The whole listing below needs to be duplicated exactly, pictures aside.

GIVEN DATA:
========================

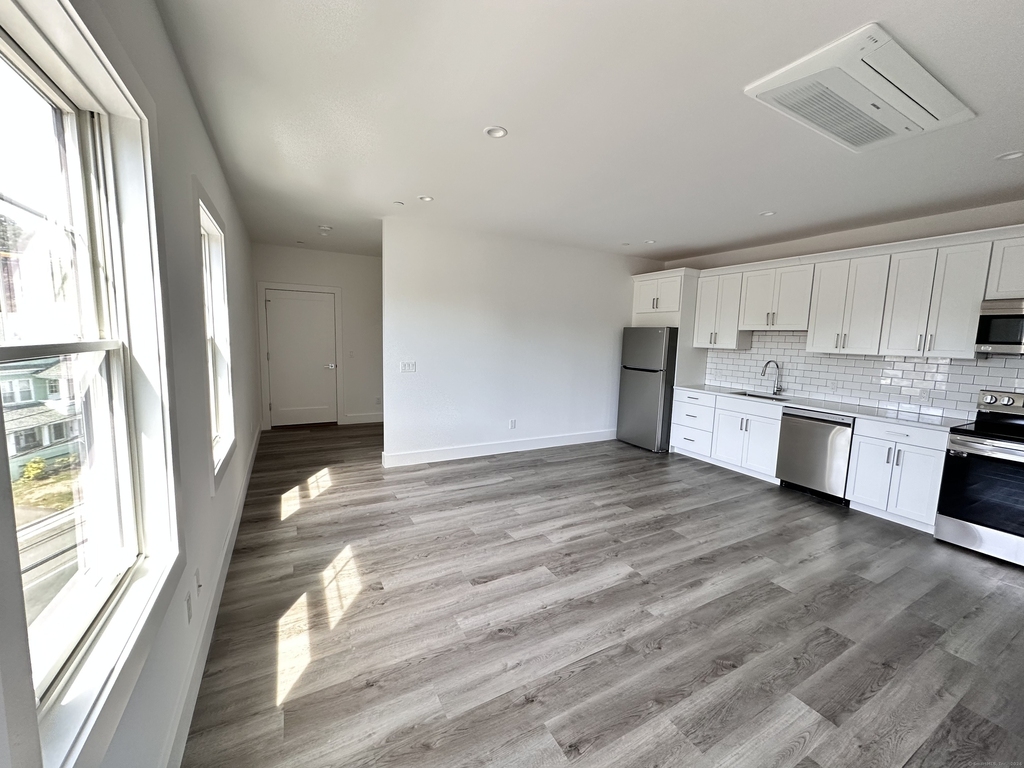 528 Black Rock Turnpike - Photo 21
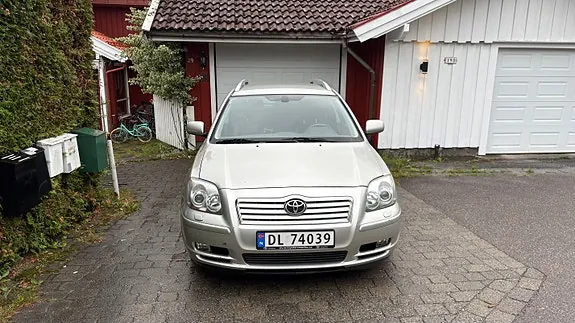 Toyota Avensis 2005 photo 4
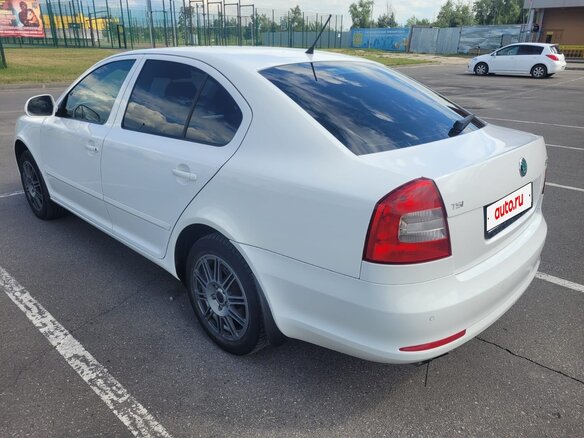 2012 Skoda Octavia II (A5) Рестайлинг, белый, 1050000 рублей - вид 6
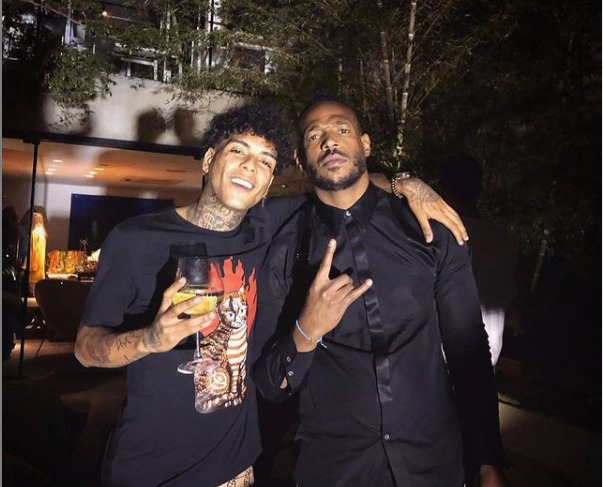 Ator de 'As Branquelas', Marlon Wayans presta homenagem a MC Kevin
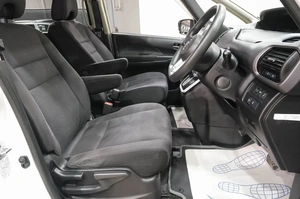Минивэн Nissan Serena 2016 года, 1719000 рублей, Новокузнецк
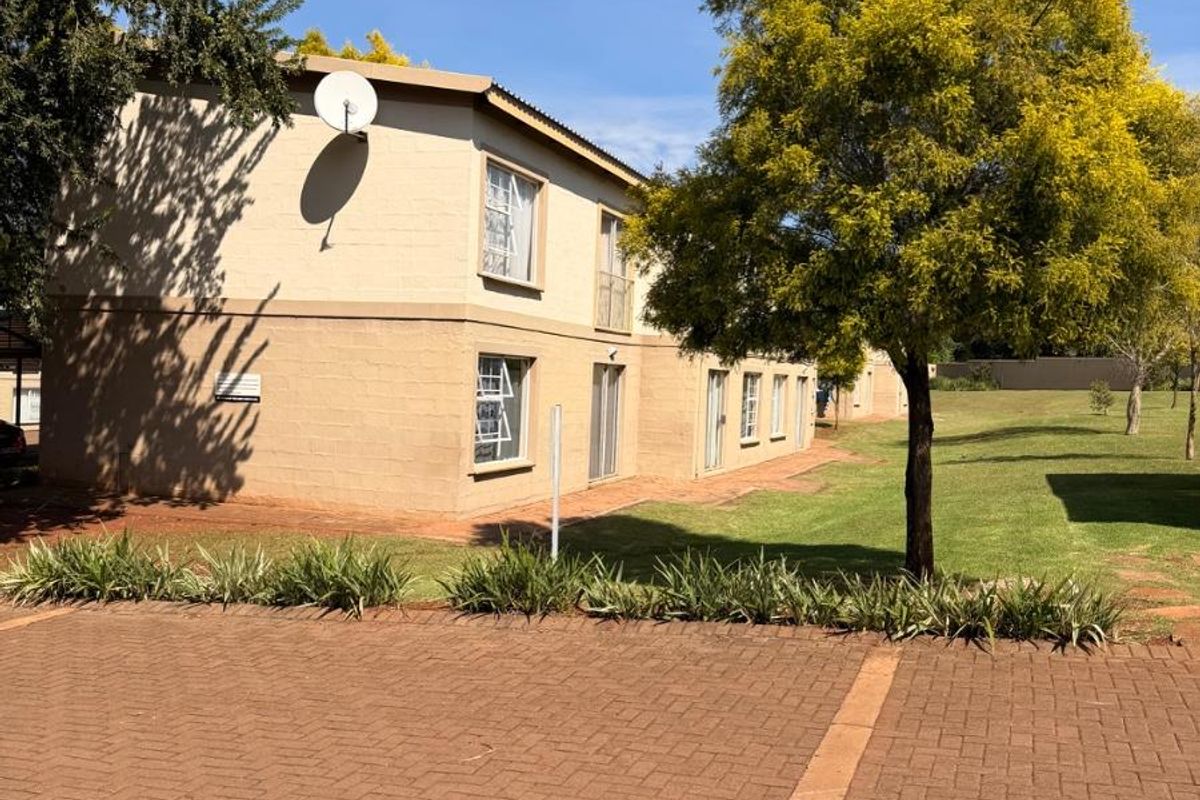 Apartment For Sale in Sunnyridge, Newcastle, KwaZulu Natal - Photo 3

========================

WRITTEN ANSWER:
 528 Black Rock Turnpike - Photo 21
 Toyota Avensis 2005 photo 4
 2012 Skoda Octavia II (A5) Рестайлинг, белый, 1050000 рублей - вид 6
 Ator de 'As Branquelas', Marlon Wayans presta homenagem a MC Kevin
Минивэн Nissan Serena 2016 года, 1719000 рублей, Новокузнецк
 Apartment For Sale in Sunnyridge, Newcastle, KwaZulu Natal - Photo 3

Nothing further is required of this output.